### Your goal:
The lines below, from the one holding "Semua jenis buah" through the final line, are to be copied exactly, with no other lines and no pictures.

### Provided material:
^^^^^^^^

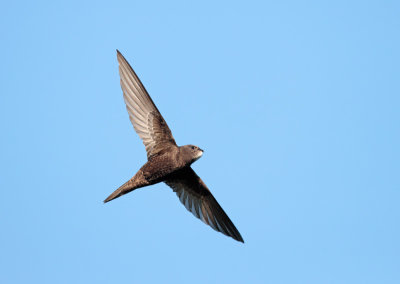 Gierzwaluw; Common Swift; Apus apus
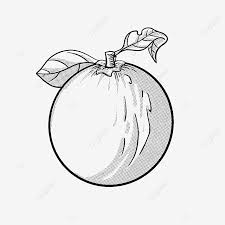 Semua jenis buah memiliki kandungan dan manfaat yang yang bisa dimanfaatkan oleh manusia. Gambar Daun Vitamin Buah Oren Clipart Hitam Dan Putih Daun Vitamin Seni Klip Png Dan Psd Untuk Muat Turun Percuma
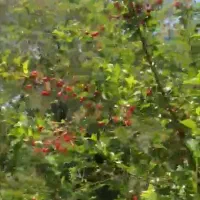 ۷۵۰ متر باغ آماده ی ویلا سازی با درختان مسمر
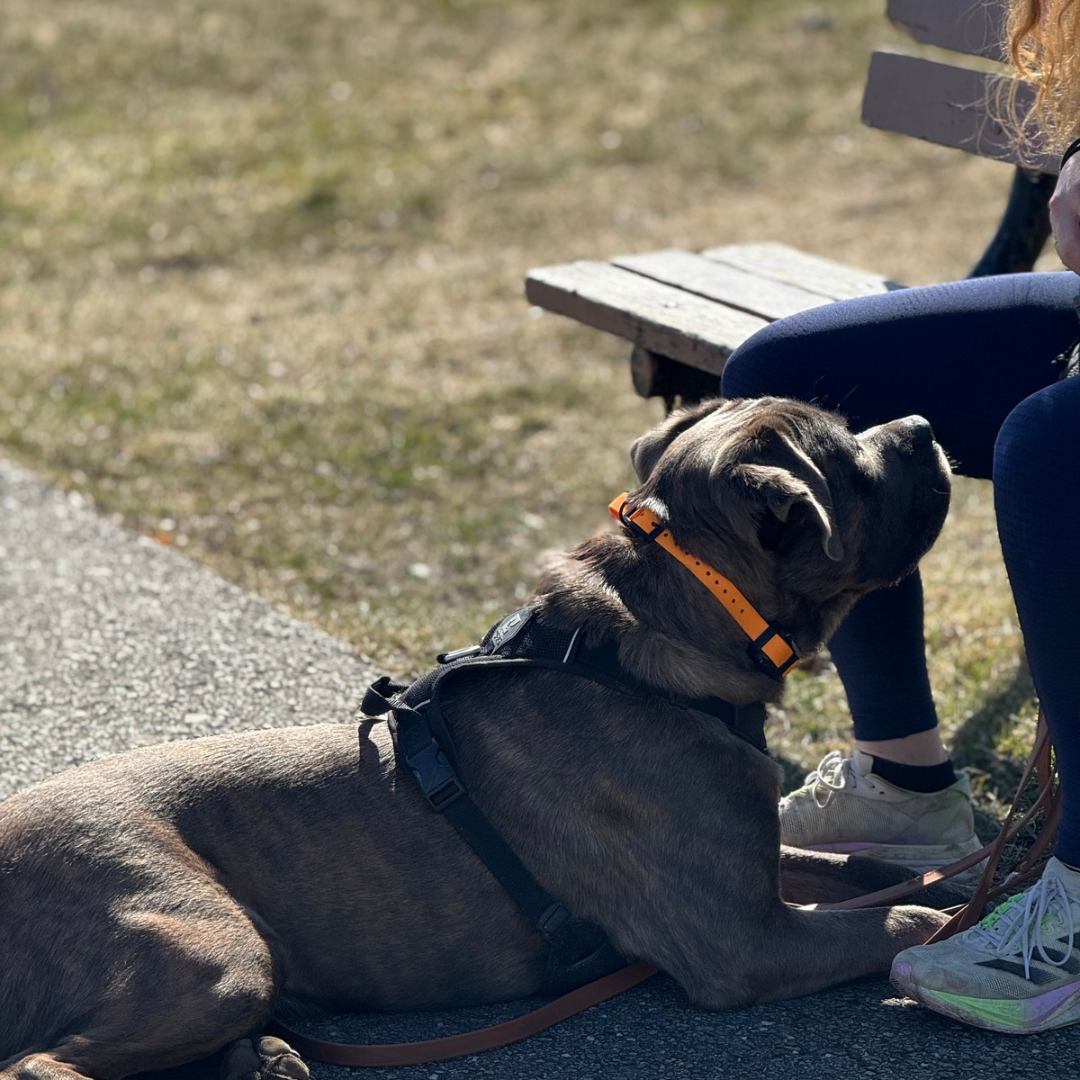 Replacement Collar for E-collar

^^^^^^^^

### Result of the task:
 Semua jenis buah memiliki kandungan dan manfaat yang yang bisa dimanfaatkan oleh manusia. Gambar Daun Vitamin Buah Oren Clipart Hitam Dan Putih Daun Vitamin Seni Klip Png Dan Psd Untuk Muat Turun Percuma
 ۷۵۰ متر باغ آماده ی ویلا سازی با درختان مسمر
 Replacement Collar for E-collar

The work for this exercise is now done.